Earlier this week, when Governor John Hickenlooper announced the names of the nineteen people selected for a special oil and gas task force intended to address fracking-related land use and health issues across the state, he boasted of the group's "balanced and informed representation." It was as if he was introducing one of those ethnically diverse platoons from old War War II movies: the Italian from the Bronx, the Polish kid from Chicago, the hillbilly from Georgia, the farm boy from Ohio, the Navajo scout, the cigar-chomping noncom from Anytown, USA.
Depending on when they were made, those movies frequently left somebody out of the rainbow commandos -- the Latino, the Asian guy, almost certainly the African American (racial desegregation didn't become U.S. military policy until 1948). And Hickenlooper's group neatly excludes any of the folks who prompted its creation: Conspicuously absent from the task force is anyone who was actively involved in the recent slew of campaigns to promote more local control over fracking and impose bans on drilling in several Front Range cities.
Creation of the task force was a crucial component of the last-minute deal that Hickenlooper forged with Representative Jared Polis and others to remove four fracking intiatives (two pro, two against) from the November ballot. Instead of leaving siting issues such as setbacks up to the voters, the arrangement called for a task force comprised of industry, government and community interests to devise recommendations for future legislation on fracking, the much-disputed but widely used method of hydraulic fracturing of shale formations to extract oil and gas.
The compromise was hailed by industry forces as a reasonable alternative to what promised to be a costly and divisive ballot battle.
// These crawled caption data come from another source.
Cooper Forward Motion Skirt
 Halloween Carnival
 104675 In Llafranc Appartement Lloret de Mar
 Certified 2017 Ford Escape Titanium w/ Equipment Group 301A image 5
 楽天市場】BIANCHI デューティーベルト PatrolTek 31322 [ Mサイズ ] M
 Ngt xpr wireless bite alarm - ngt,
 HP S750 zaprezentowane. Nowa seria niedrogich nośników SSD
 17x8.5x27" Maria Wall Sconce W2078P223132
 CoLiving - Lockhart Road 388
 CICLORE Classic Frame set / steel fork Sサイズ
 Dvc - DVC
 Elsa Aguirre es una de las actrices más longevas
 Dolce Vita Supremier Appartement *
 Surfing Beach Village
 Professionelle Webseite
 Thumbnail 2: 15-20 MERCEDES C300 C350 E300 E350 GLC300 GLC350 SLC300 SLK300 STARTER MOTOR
But it also left a number of grassroots anti-fracking activists, who'd worked on behalf of initiatives initially supported by Polis, howling that the congressman had sold them out for yet-to-be-determined but probably mild concessions to local control.
Some of those same fractivists have even more to howl about now that Hickenlooper has unveiled the full list of task force members, which he described in a prepared statement as "the right group to ensure that Colorado's economy and environment remain healthy and robust." They include six representatives of industry (from Anadarko, Noble Energy, Cirque Resources, Bill Barrett Corp., ConocoPhillips and yes, the Colorado Association of Home Builders); seven representatives of government or former state officials, from former Speaker of the House Russ George to retired Colorado Supreme Court Justice Rebecca Kourlis; and six community/environmental reps, including the president of Western Resource Advocates and the president of the Rocky Mountain Farmers Union.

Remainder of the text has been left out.